Cisco CISO Survey: Security Vendor Consolidation Increasing
Security professionals are leaning more toward vendor consolidation, collaboration between networking and security teams, and security awareness exercises to strengthen their organizations’ security and reduce the risk of breaches.
That’s according to Cisco’s fifth annual 2019 Chief Information Security Officer (CISO) Benchmark Study. It surveyed more than 3,200 CISOs and other security decision-makers from 18 countries globally.
Ben Munroe, director of Cisco Security, tells us many key findings of the study support MSSPs and those partners looking to help end users by assuming more security responsibility for them.

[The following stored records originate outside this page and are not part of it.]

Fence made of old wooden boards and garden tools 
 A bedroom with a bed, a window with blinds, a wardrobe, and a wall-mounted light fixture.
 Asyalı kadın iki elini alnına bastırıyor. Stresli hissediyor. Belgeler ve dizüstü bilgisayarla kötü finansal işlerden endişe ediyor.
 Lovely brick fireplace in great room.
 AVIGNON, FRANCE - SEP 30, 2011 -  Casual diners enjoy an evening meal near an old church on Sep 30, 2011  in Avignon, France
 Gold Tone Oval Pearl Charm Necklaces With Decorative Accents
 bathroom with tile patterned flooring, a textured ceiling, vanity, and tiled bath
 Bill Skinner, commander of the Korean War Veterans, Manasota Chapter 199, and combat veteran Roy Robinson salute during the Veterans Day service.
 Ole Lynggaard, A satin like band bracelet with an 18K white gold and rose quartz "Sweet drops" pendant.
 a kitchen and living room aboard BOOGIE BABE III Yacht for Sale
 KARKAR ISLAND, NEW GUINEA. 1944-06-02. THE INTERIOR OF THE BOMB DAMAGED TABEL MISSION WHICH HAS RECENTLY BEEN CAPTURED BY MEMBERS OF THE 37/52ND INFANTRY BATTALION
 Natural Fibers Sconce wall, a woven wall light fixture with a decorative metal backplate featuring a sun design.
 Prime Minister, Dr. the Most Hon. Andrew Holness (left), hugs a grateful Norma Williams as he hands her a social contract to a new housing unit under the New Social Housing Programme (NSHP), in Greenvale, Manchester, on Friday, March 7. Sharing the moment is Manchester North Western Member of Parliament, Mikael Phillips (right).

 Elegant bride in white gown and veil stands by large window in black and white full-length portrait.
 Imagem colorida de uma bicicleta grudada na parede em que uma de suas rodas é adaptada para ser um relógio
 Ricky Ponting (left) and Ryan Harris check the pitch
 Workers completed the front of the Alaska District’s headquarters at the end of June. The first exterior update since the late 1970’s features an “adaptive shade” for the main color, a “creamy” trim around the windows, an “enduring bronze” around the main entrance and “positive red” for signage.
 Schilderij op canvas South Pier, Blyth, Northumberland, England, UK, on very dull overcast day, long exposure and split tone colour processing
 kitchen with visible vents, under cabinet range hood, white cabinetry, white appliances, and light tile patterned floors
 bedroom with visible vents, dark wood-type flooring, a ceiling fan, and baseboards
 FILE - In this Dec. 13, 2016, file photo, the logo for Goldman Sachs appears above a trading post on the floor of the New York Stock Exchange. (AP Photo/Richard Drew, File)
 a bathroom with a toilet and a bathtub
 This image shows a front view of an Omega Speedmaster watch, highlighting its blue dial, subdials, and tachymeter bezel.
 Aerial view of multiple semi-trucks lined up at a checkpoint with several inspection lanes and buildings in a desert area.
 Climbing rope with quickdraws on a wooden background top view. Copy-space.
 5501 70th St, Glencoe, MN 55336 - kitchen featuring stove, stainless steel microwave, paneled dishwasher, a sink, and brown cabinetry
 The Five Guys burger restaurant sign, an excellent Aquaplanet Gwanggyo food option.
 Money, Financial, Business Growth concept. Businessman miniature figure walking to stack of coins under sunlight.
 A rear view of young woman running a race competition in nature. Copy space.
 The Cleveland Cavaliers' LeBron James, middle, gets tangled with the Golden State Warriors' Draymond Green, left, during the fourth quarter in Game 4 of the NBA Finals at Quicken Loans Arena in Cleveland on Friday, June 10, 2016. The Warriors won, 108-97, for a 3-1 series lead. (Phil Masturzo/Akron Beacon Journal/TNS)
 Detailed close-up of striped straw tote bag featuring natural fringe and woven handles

The findings validate the MSSP business model, he said.
“For example, end users are overwhelmed with alert management, remediating only [approximately 51] percent of legitimate alerts (down from 55 percent last year) and this shows that there could be the need to offload more to a managed provider,” he said. “This is especially true when you consider that 79 percent of customers told us that they were overwhelmed trying to orchestrate a response from their multivendor environment, up from 74 percent last year. They have built complex, best-of-breed security architectures that don’t share context, event, policy and threat data, and they need help making sense of the capabilities they have purchased in the past, in light of the current threat landscape.”
Second, customers are trying to move toward measuring time to remediate (48 percent versus 30 percent percent last year) and this can require a modern security operations center (SOC) with sophisticated detection, containment and remediation tools and processes, Munroe said.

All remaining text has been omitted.